- DATA FOR ANALYSIS
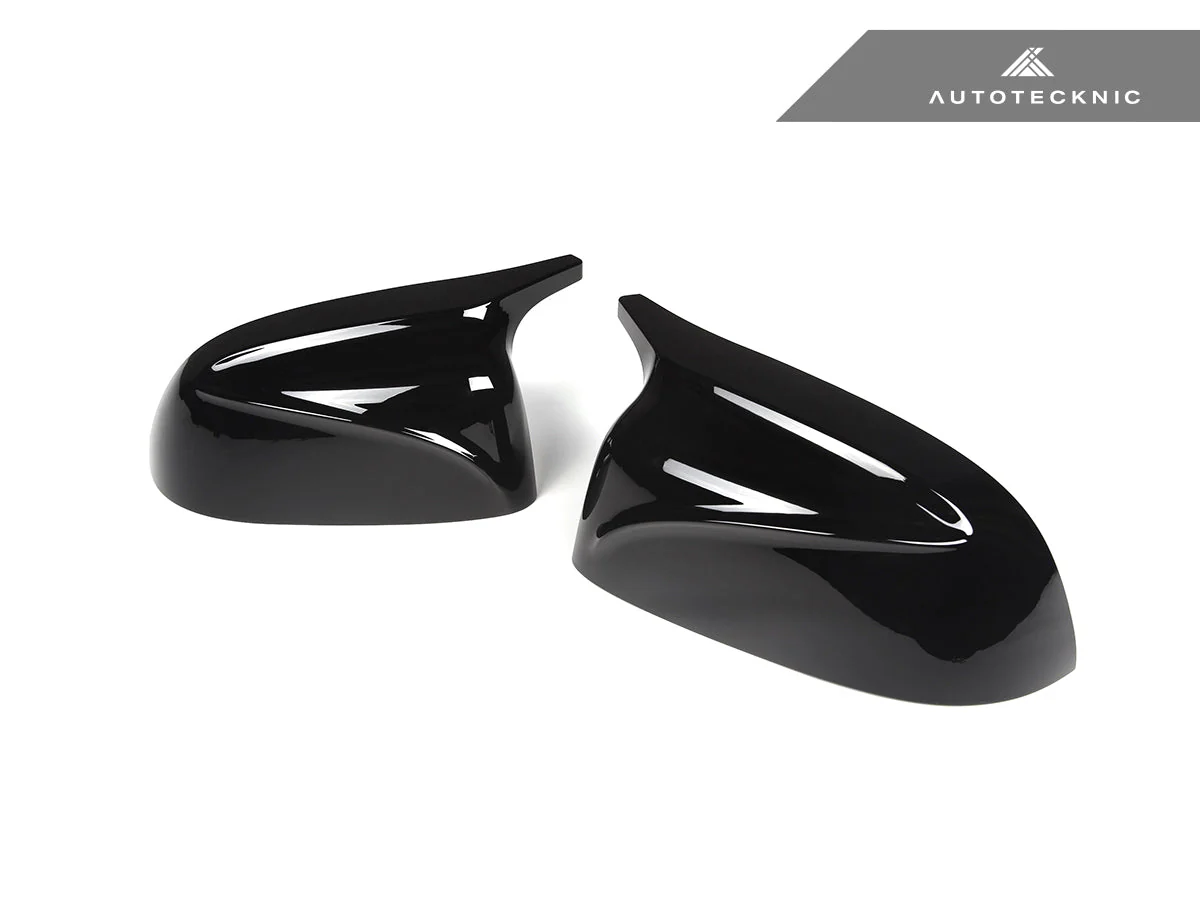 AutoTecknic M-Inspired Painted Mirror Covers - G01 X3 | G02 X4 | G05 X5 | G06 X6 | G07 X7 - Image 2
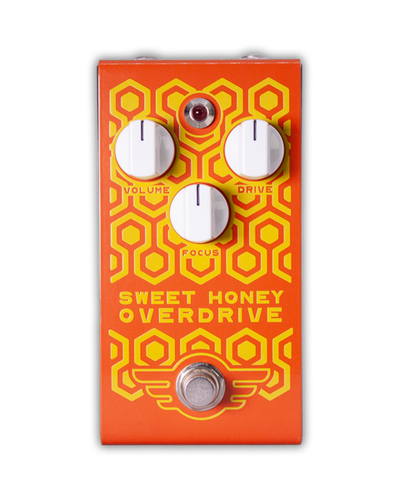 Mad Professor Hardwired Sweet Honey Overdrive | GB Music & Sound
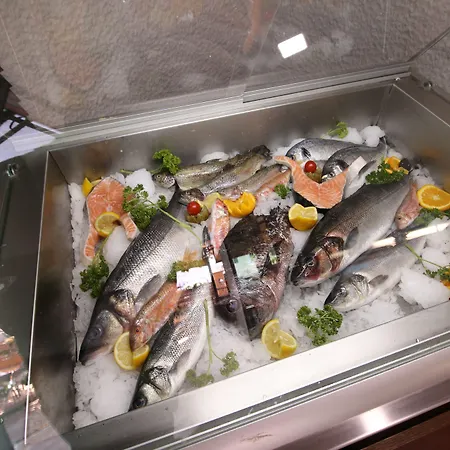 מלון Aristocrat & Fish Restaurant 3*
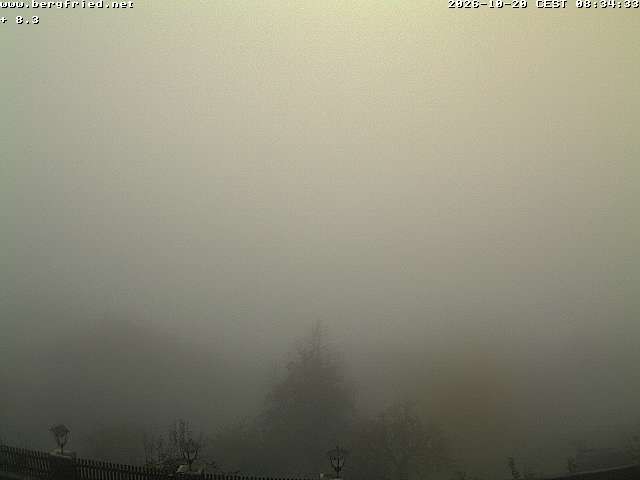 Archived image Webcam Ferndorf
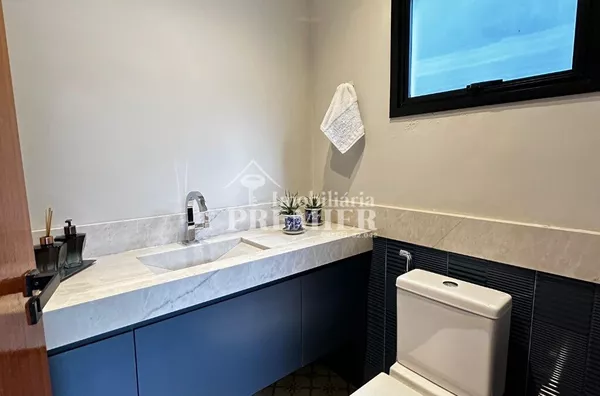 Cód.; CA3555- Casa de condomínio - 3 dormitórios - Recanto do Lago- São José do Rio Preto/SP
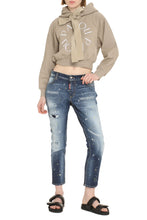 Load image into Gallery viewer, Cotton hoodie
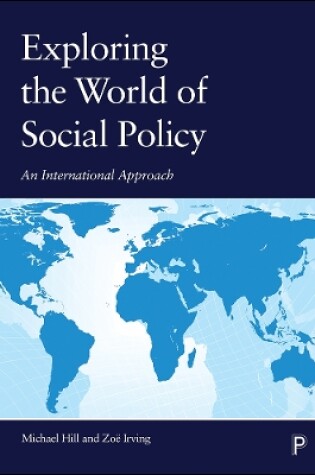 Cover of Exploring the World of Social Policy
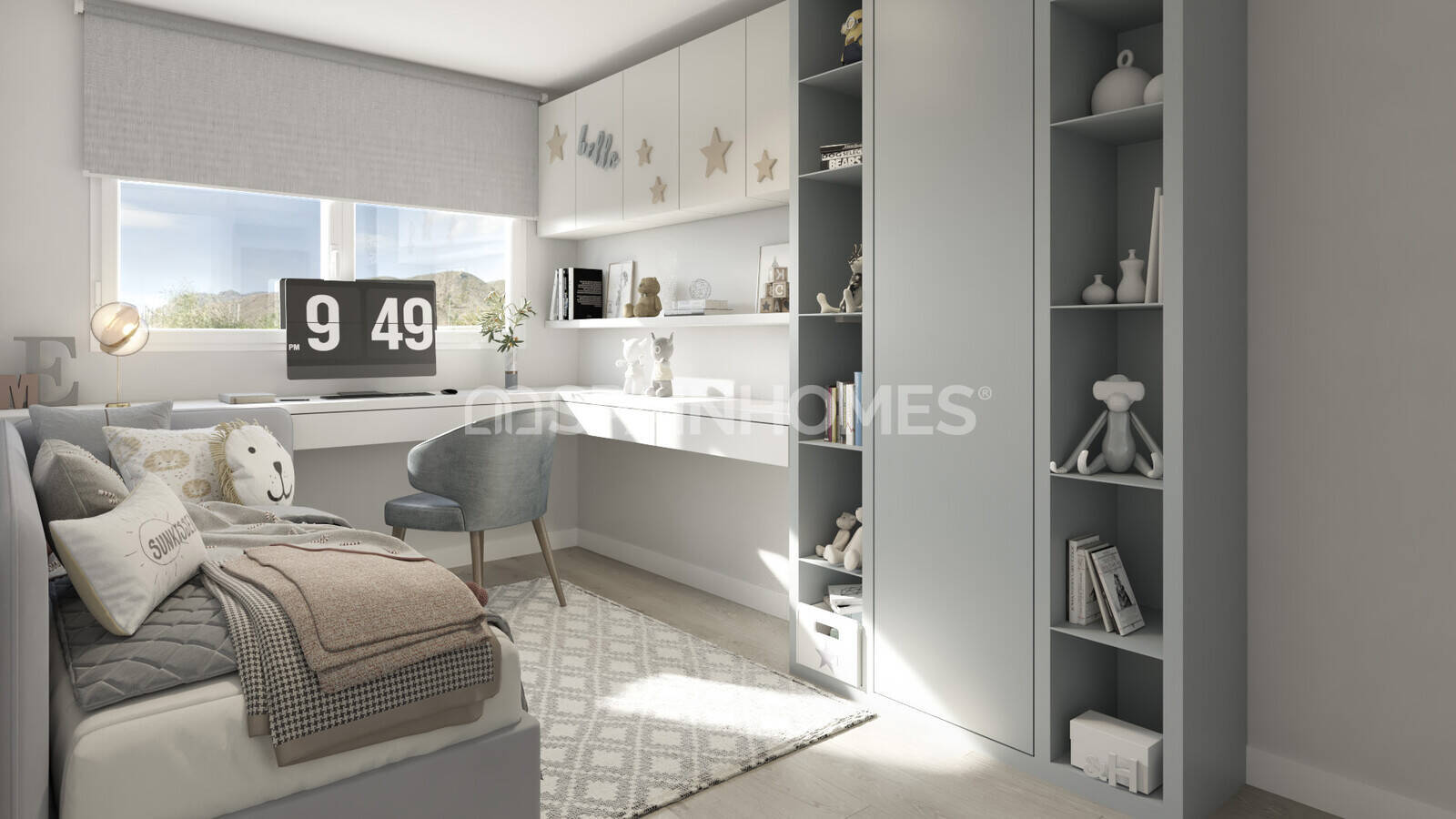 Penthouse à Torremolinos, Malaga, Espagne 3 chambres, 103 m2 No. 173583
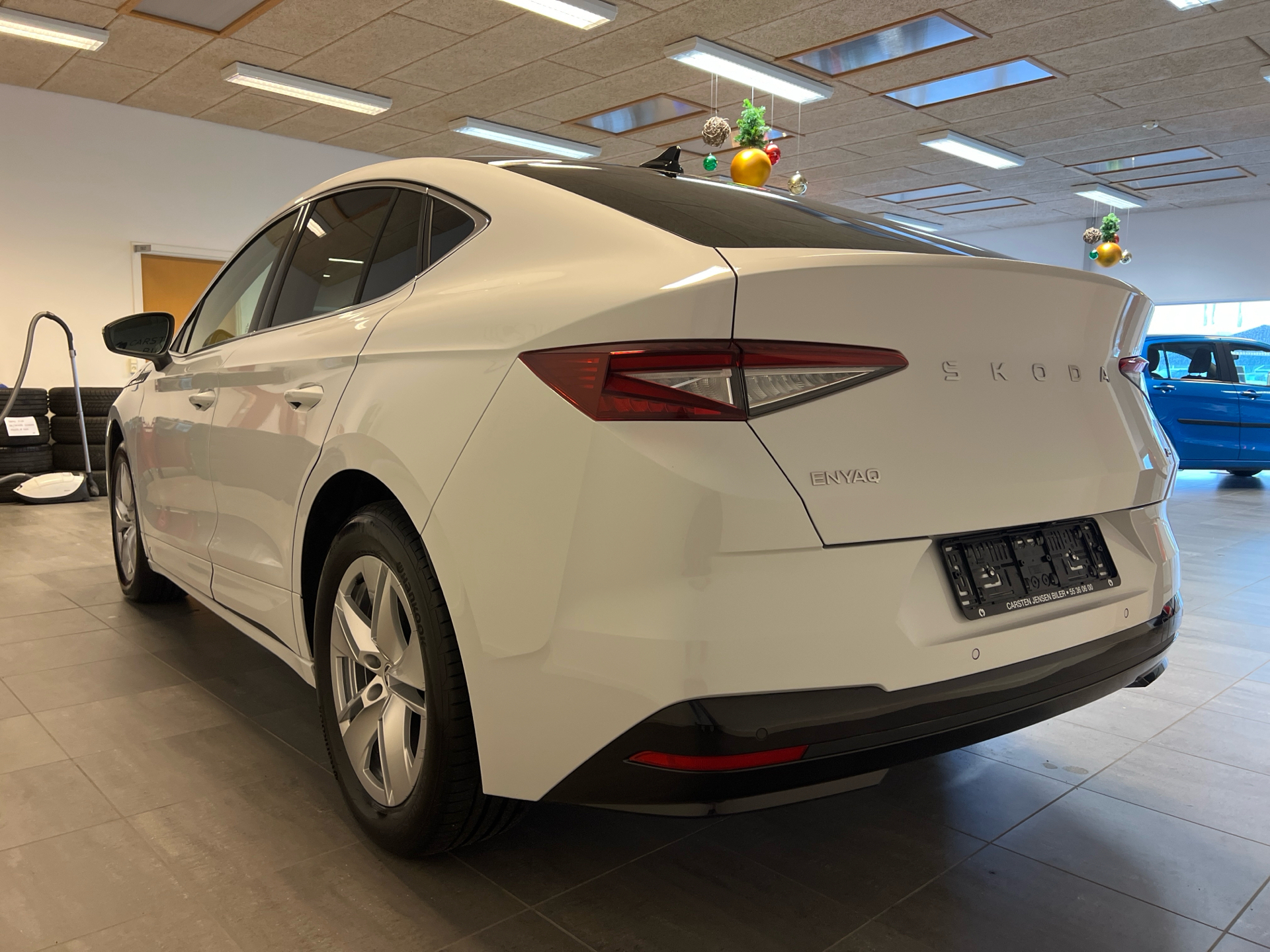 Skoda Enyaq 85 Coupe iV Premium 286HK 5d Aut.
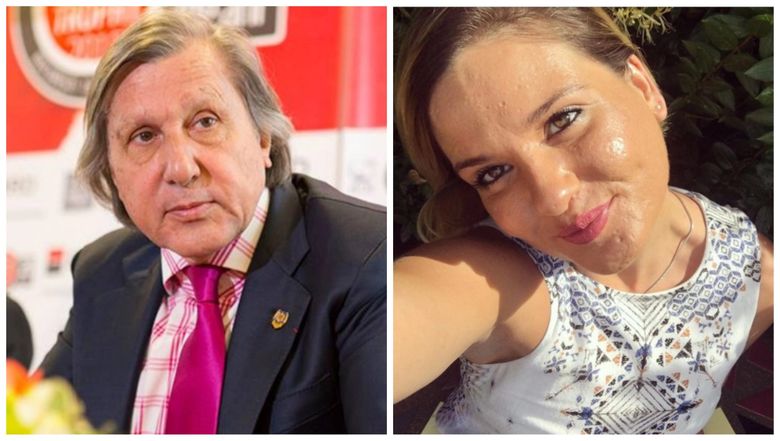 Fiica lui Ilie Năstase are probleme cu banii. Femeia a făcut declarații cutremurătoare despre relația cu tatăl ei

- ASSIGNMENT
Only what runs from the line containing "Mad Professor Hardwired" through the end of the entries above should be extracted, exactly and without pictures.

- TASK OUTPUT
 Mad Professor Hardwired Sweet Honey Overdrive | GB Music & Sound
 מלון Aristocrat & Fish Restaurant 3*
 Archived image Webcam Ferndorf
 Cód.; CA3555- Casa de condomínio - 3 dormitórios - Recanto do Lago- São José do Rio Preto/SP
 Load image into Gallery viewer, Cotton hoodie
 Cover of Exploring the World of Social Policy
 Penthouse à Torremolinos, Malaga, Espagne 3 chambres, 103 m2 No. 173583
 Skoda Enyaq 85 Coupe iV Premium 286HK 5d Aut.
 Fiica lui Ilie Năstase are probleme cu banii. Femeia a făcut declarații cutremurătoare despre relația cu tatăl ei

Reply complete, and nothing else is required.